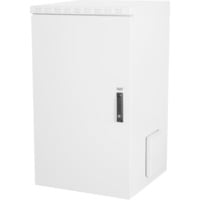 Wandgehäuse IP55 - zur Anwendung im Außenbereich - 600x600 mm (BxT)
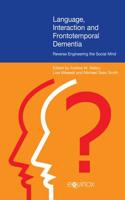 Language, Interaction, and Frontotemporal Dementia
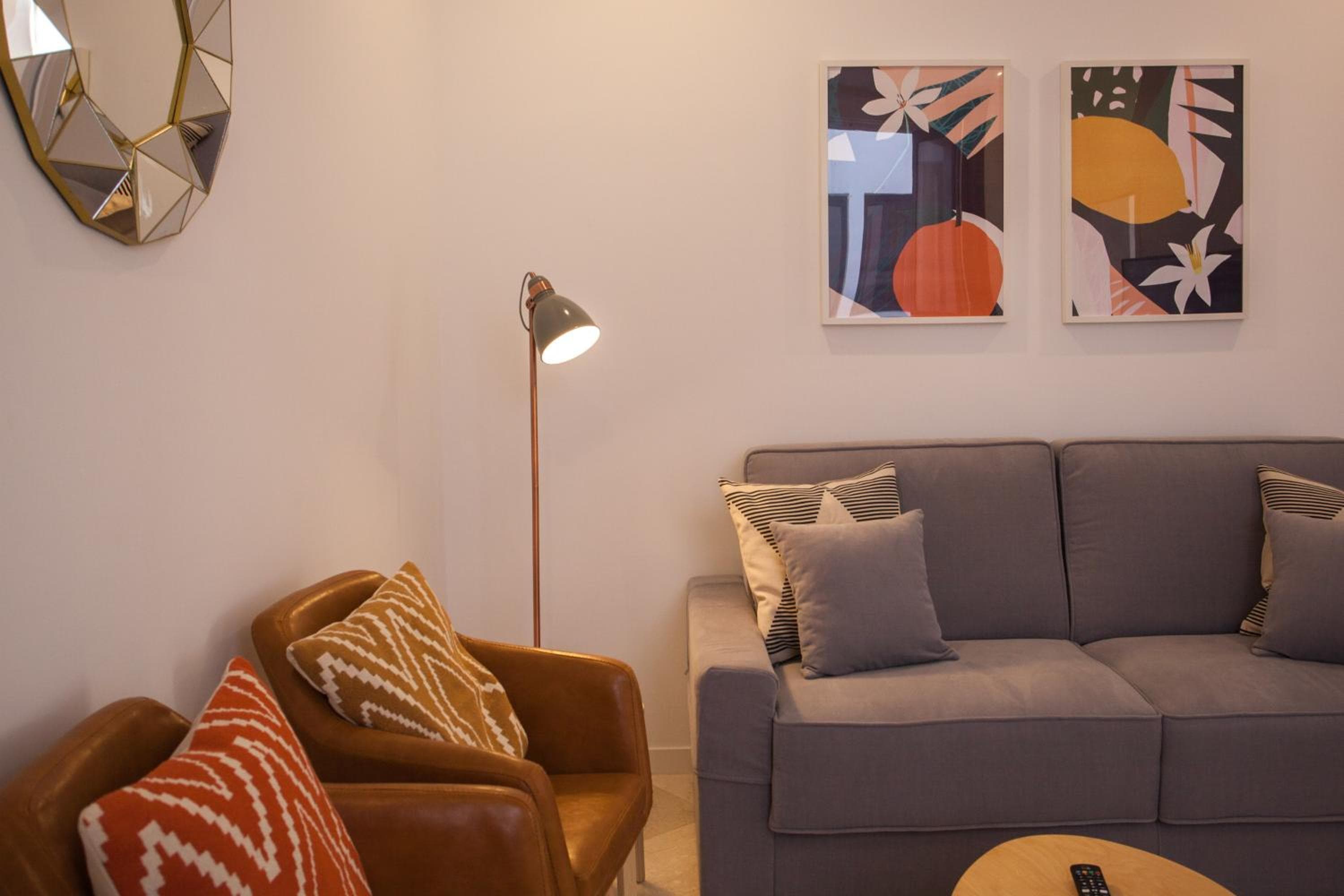 Gran Central Suites — 5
◇ ◇ ◇ ◇
WHAT TO DO: Type the listing out again word for word, passing over each picture.

SOLUTION:
 Wandgehäuse IP55 - zur Anwendung im Außenbereich - 600x600 mm (BxT)
 Language, Interaction, and Frontotemporal Dementia
 Gran Central Suites — 5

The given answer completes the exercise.